TASK BRIEF: Copy word for word the lines in the records below, starting at the line with "Lenovo 5CB1R22561 Tastatur" and ending at the line with "おもちゃ pipichan Piyo". Skip the pictures.

DATA PROVIDED:

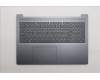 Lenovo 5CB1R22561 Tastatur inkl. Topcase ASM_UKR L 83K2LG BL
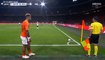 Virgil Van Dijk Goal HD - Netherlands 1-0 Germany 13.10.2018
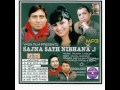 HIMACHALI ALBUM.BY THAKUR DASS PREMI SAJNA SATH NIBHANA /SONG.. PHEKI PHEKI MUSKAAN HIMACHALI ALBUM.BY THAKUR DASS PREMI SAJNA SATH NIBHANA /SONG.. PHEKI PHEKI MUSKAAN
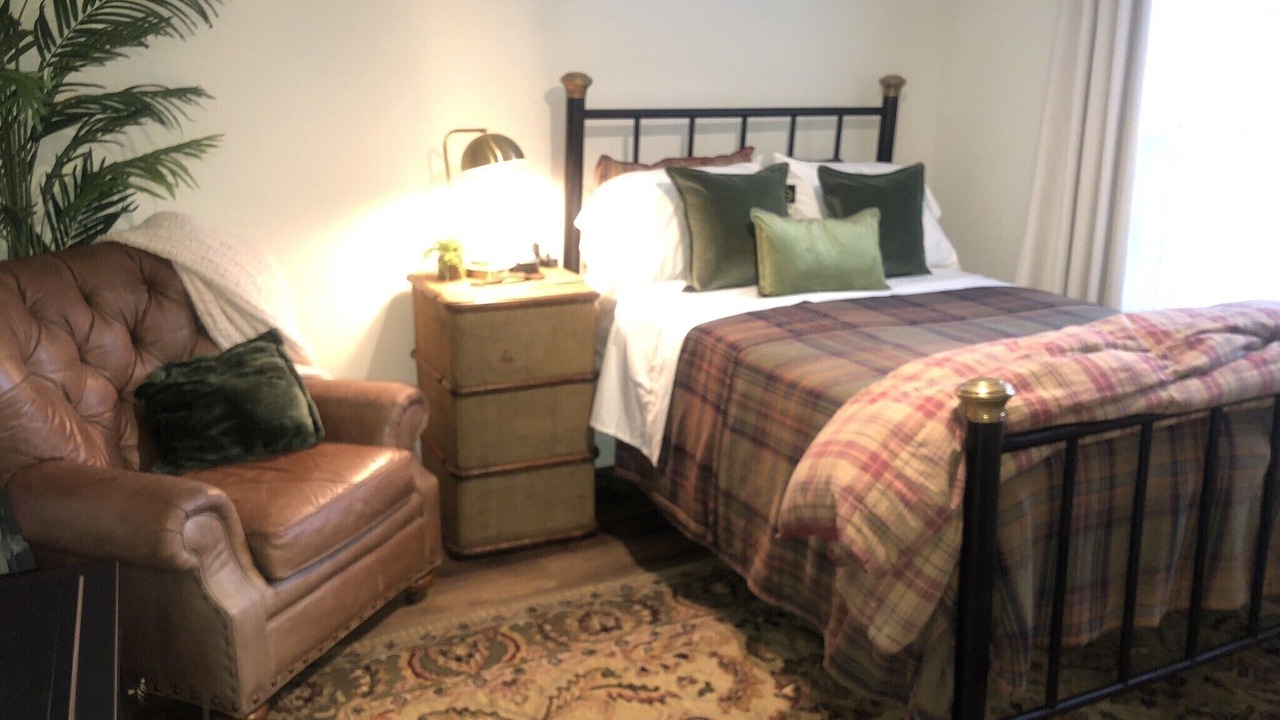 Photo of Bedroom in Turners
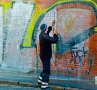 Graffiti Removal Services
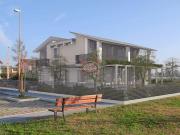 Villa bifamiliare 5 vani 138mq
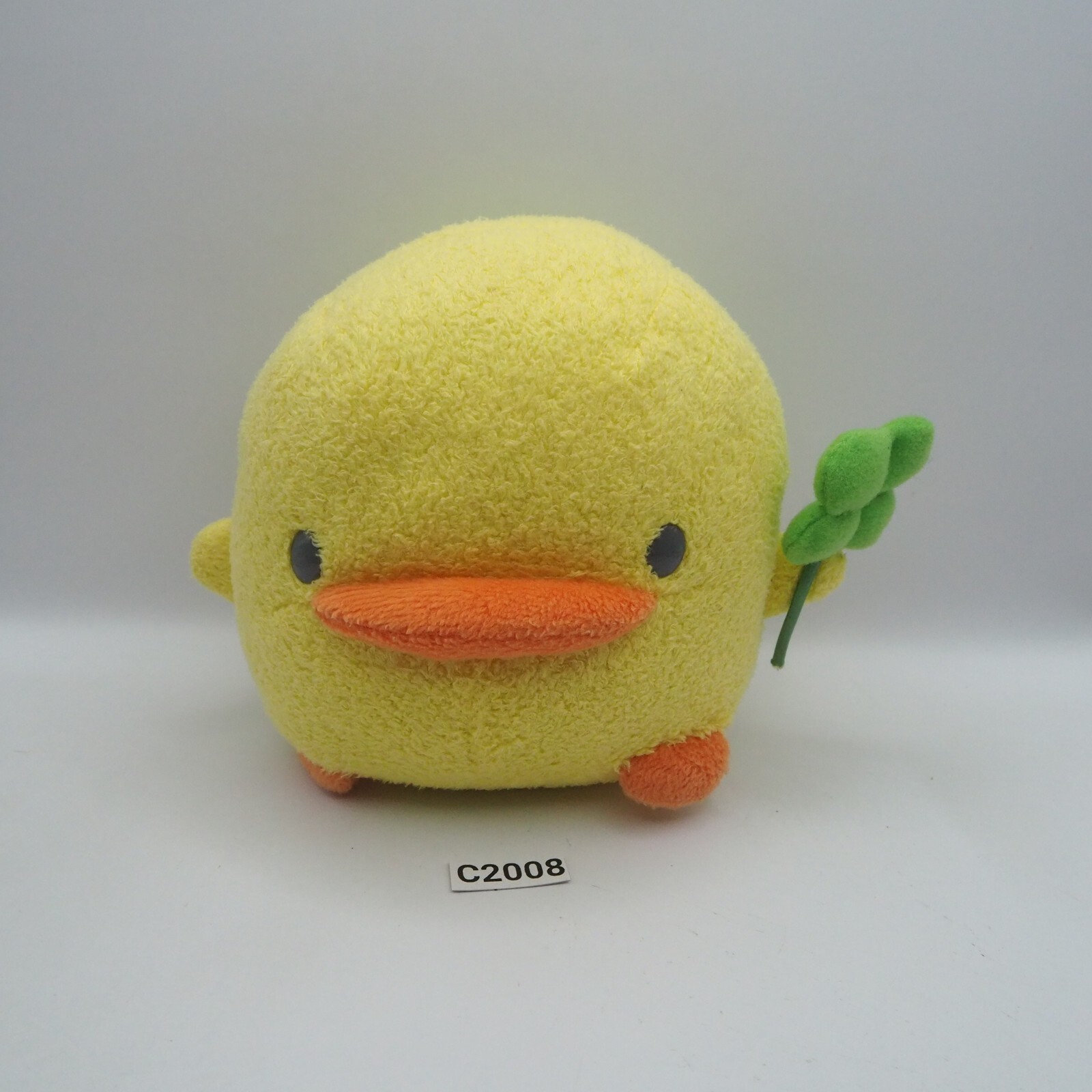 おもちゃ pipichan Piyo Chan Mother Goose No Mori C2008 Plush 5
---
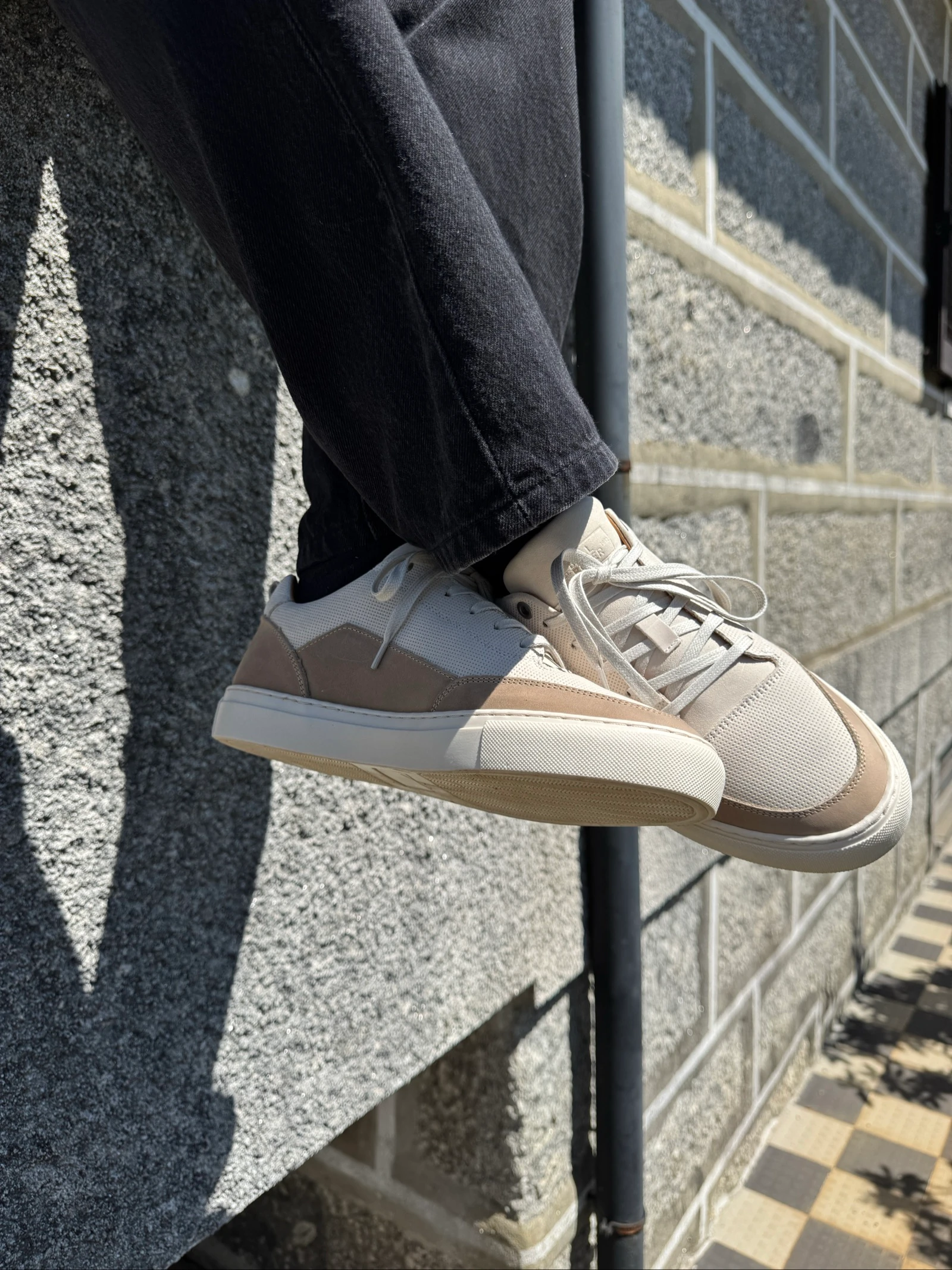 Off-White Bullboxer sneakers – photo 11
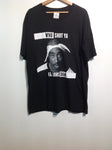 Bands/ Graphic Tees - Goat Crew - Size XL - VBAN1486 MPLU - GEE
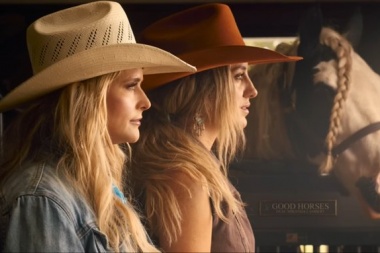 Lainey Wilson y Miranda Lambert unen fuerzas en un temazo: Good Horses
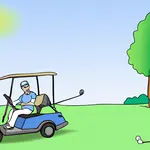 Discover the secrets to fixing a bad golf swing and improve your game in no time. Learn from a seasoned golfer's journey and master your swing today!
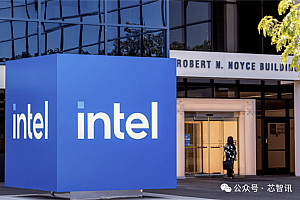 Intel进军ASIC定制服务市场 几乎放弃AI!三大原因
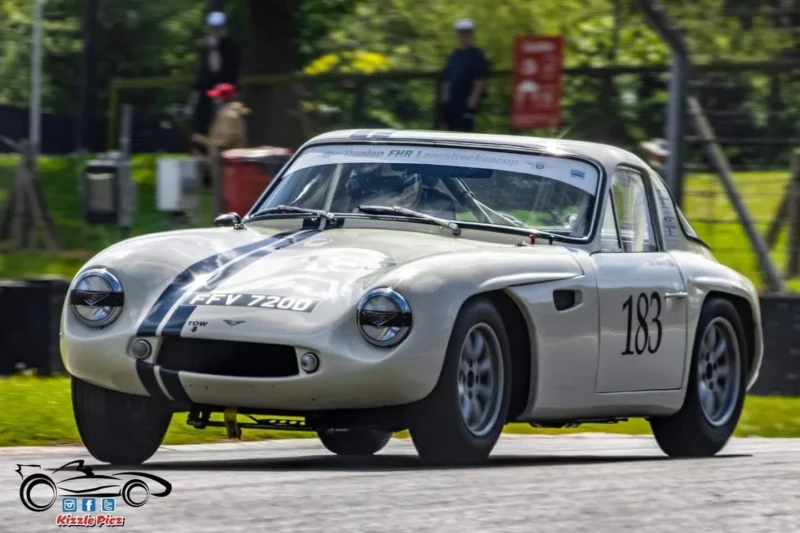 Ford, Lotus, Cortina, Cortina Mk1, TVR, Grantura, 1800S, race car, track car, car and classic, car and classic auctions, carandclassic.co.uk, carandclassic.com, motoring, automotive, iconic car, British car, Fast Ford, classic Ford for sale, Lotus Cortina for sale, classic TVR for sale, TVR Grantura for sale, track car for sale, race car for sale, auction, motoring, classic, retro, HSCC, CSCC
==
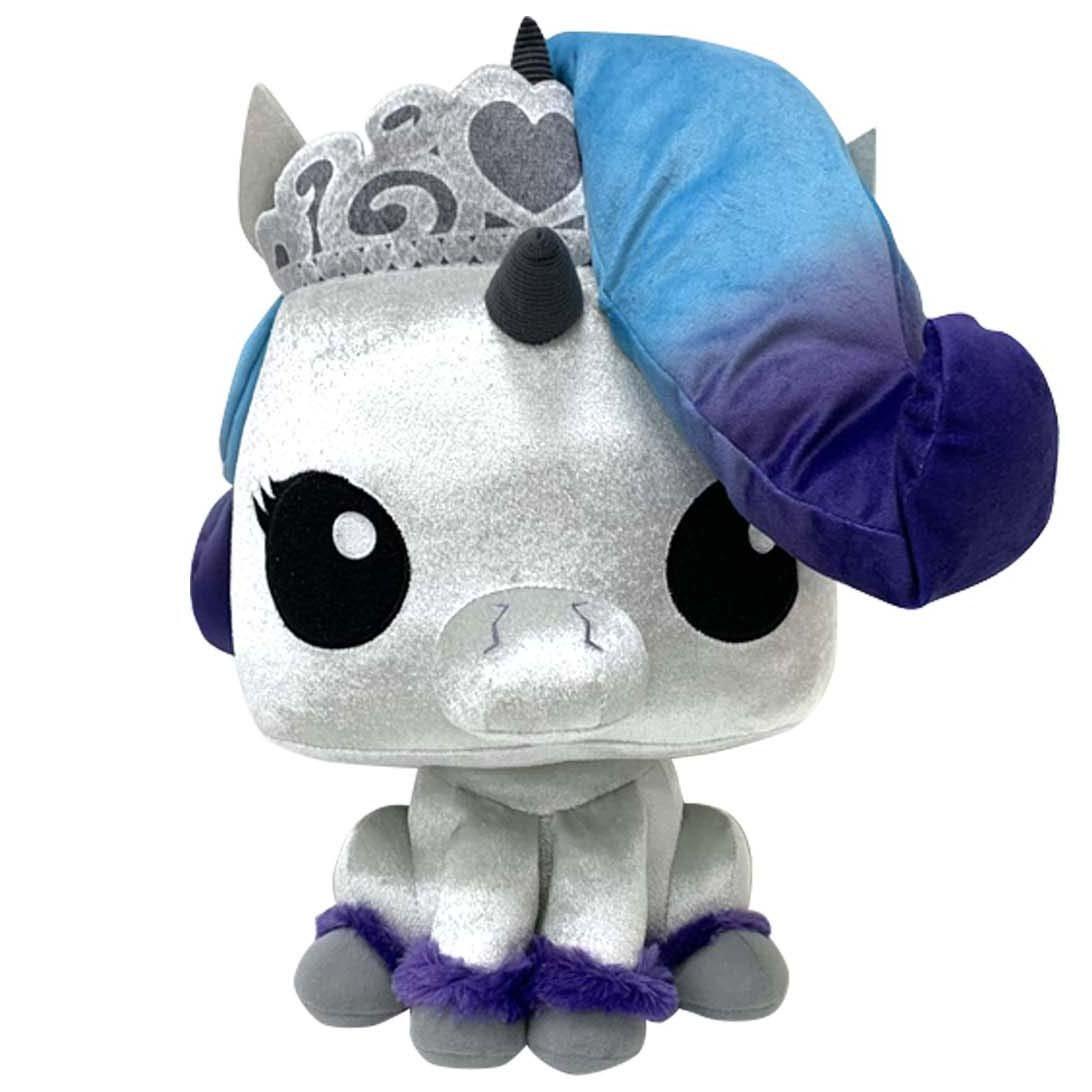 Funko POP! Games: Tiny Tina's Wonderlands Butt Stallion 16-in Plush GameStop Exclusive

SOLUTION TO THE EXERCISE:
 Lenovo 5CB1R22561 Tastatur inkl. Topcase ASM_UKR L 83K2LG BL
 Virgil Van Dijk Goal HD - Netherlands 1-0 Germany 13.10.2018
 HIMACHALI ALBUM.BY THAKUR DASS PREMI SAJNA SATH NIBHANA /SONG.. PHEKI PHEKI MUSKAAN HIMACHALI ALBUM.BY THAKUR DASS PREMI SAJNA SATH NIBHANA /SONG.. PHEKI PHEKI MUSKAAN
 Photo of Bedroom in Turners
 Graffiti Removal Services
 Villa bifamiliare 5 vani 138mq
 おもちゃ pipichan Piyo Chan Mother Goose No Mori C2008 Plush 5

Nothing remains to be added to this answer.